RED LAKE- The Red Lake Band of Chippewa Indians said Monday it has purchased property in Minneapolis and plans to build a mixed-use housing development for tribal members in the Twin Cities.

The 37,367 square-foot site is located at the intersection of 17th Avenue South and Cedar Avenue in Minneapolis, a release from the band said. Officials hope to start construction in 2018.

The location is approximately 200 feet from the Franklin Station of the Blue Line, and situated "at the gateway of the American Indian Cultural Corridor, home to the greatest concentration of urban American Indian people in Minnesota."

The band said about 2,100 Red Lake Band members, plus their descendants, live in the Twin Cities area.

The tentative name for the development will be "Mino-bimaadiziwin," which means "living the good life" in Ojibwe.

A purchase price for the property was not disclosed; the area is referred to as the Amble Hardware site. In the release, the Band said the development will features 115 affordable housing units, as well as retail and leisure amenities, and is "designed to be an economically self-sustaining project that will also help address some of the complex needs in the area."

"Our community has deep and historic ties to the Twin Cities and Mino-bimaadiziwin is an

important opportunity to for us to strengthen and benefit all members of the Red Lake Band,"

Red Lake Band of Chippewa Indians Chairman Darrell G. Seki, Sr. said in the release.

There is a critical need for affordable housing in the Twin Cities, particularly among the American Indian community, Seki, Sr. said.

"By providing a self-sustaining source of affordable housing for our people, Mino-bimaadiziwin will also generate revenue for the Band that we plan to reinvest on the reservation."

The property site is also close to existing neighborhood resources, including the American Indian Opportunities Industrialization Center and the Minneapolis American Indian Center, the Band said.

Mino-bimaadiziwin is a joint effort of the Red Lake Economic Development and Planning

Department and the Red Lake Reservation Housing Authority. Samuel Strong, the Band's director of economic development, will manage the project.

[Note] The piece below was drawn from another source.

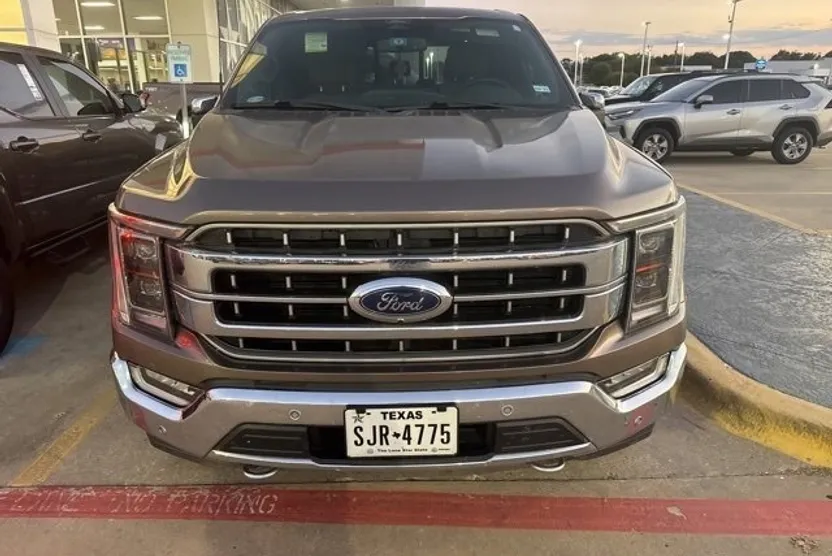2022 Ford F-150 Lariat photo 1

"The Red Lake Band has developed a national reputation as a tribal housing leader, and we

have long sought a way to extend our affordable housing efforts to our members who reside in

Minneapolis," Strong said in the release. "The vision for Mino-bimaadiziwin is the next step in our journey toward creating a self-sustaining, amenity-rich and family-oriented development that will give our people a sense of pride, belonging and security."

"Redevelopment of the Amble Hardware site has been a long-time goal of the Seward

Neighborhood Group. We are excited about the Mino-bimaadiziwin housing development and

support the efforts of the Red Lake Band of Chippewa Indians," Ashley Freitag, co-president of the Seward Neighborhood Group, said in the release.

While initial concepts for the project has been proposed, the next step for the group is securing

financing for the redevelopment, the Band said.

The band has 5,590 enrolled members living on the Red Lake Reservation and another 6,000 members living outside the reservation.